Cedar - Northern White, Atlantic White or Western Red are all used for planking stock. You'll need some to repair what's under the fiberglass. Hot water and a swab at the end of a stick will make the planking lay down on the ribs.

Decks - you obviously need new ones at both ends of the canoe - your choice. Something with figure and color is always nice, but you know the saying about silk purses and sow's ears....

Seats. That style of seat is called "Babiche" and is a woven rawhide that is done much the way snowshoes are made - it shouldn't be difficult to replace. Sno-Seal on the Babiche will protect it when you are done.

Stems - more than likely the tip of the stems are rotten like the inwales. Typical stem material would be white oak although it isn't uncommon to find other hardwoods and even softwoods used for them.

As an overview: Your biggest challenges are to get the damaged fiberglass off the hull and then do a good evaluation of what is underneath. Once you've done that, I'd repair/replace the inwales to give you a sound foundation to continue. The rib and stem repairs would follow and finally the planking repairs. During this whole process, you need to work slowly - taking a rib or two at a time to maintain the shape of the hull. If you remove too much of the structure too quickly, it will lose shape. You may need temporary bracing to help hold the canoe's shape. It may be in the form of "thwarts" to keep the inwales from spreading under the rib tension - it may be thin strips attached to the outside of the hull with short sheet-metal screws to keep the hull shape "fair". Once the planking is done, turn your attention to seats, thwarts, decks and grab-handles if desired.

At this point you'd need to decide whether you want to put a fiber-reinforced composite back on the canoe or if you want to put traditional canvas/filler/paint on it. Personally, I vote for the canvas as it makes it much more repair-able in future. I think this will make perfect sense to you after you've tried to remove the fiberglass. When the covering is on, you will need new outwales - they may be able to flex into place as the sheer is fairly flat. If in doubt, steam the ends before bending into place. Outwales on this style of boat have a rabbet on the back surface to cover the canvas and the top edge of the planking which is cut down about 3/4" to facilitate the tacking of the canvas.
Last edited by Canoez; 35 Minutes Ago at 08:02 PM.
"We know one eminent canoeist who keeps a fine canoe in his cellar and feeds her on varnish and brass screws for fifty weeks of every year. " - W.P. Stevens

I think Canoez gave an excellent summation of how to go about it. I would consider staying with the 'glass on the outside only because it's already there. If you remove the 'glass completely then definitely go wiht canvas.

Get the book and read it.

Learn the vocabulary of the parts. It'll make asking questions easier later on. It's a big project for a first time but you can do it. Don't be afraid to make a mistake or two. Or three. Enjoy the journey. Keep us posted.

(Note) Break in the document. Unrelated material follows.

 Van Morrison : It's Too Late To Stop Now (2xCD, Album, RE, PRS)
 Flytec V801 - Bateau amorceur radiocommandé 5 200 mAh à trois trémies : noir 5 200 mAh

I also have just acquired a Great Canadian canoe very similar to yours. This is also my first attempt at a restoration, so I'm not sure if I can be of much help. Mine is in somewhat better shape than yours, but these pictures may help you see your way forward.



Mine has some of the same issues as yours, such as torn & gouged fiberglass covering, and what would appear to be water intrusion between the fiberglass and the planking.

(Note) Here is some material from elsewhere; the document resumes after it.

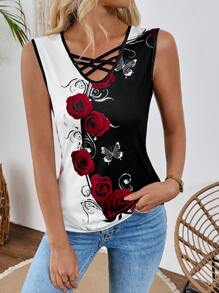 SHEIN LUNE Women Casual Tie-Up Rose Flower Print Tank Top, Suitable For Leisure And Commute - Black - View 4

I have started working on mine. When I removed the outwale, I found it as described by Canoez with a rabbet on the back side.


I have started to strip the fiberglass off with a heat gun and putty knife. It is pretty tedious, but it will eventually come off. On mine, as I heat it up, the fiberglass will begin to blister away from the planking, so I know it is ready to be attacked with the putty knife. So far I have not pulled up any major amount of wood.


So much for now. I hope this helps. I have more pictures if you would like to see other parts. I will no doubt have questions of my own as I move forward.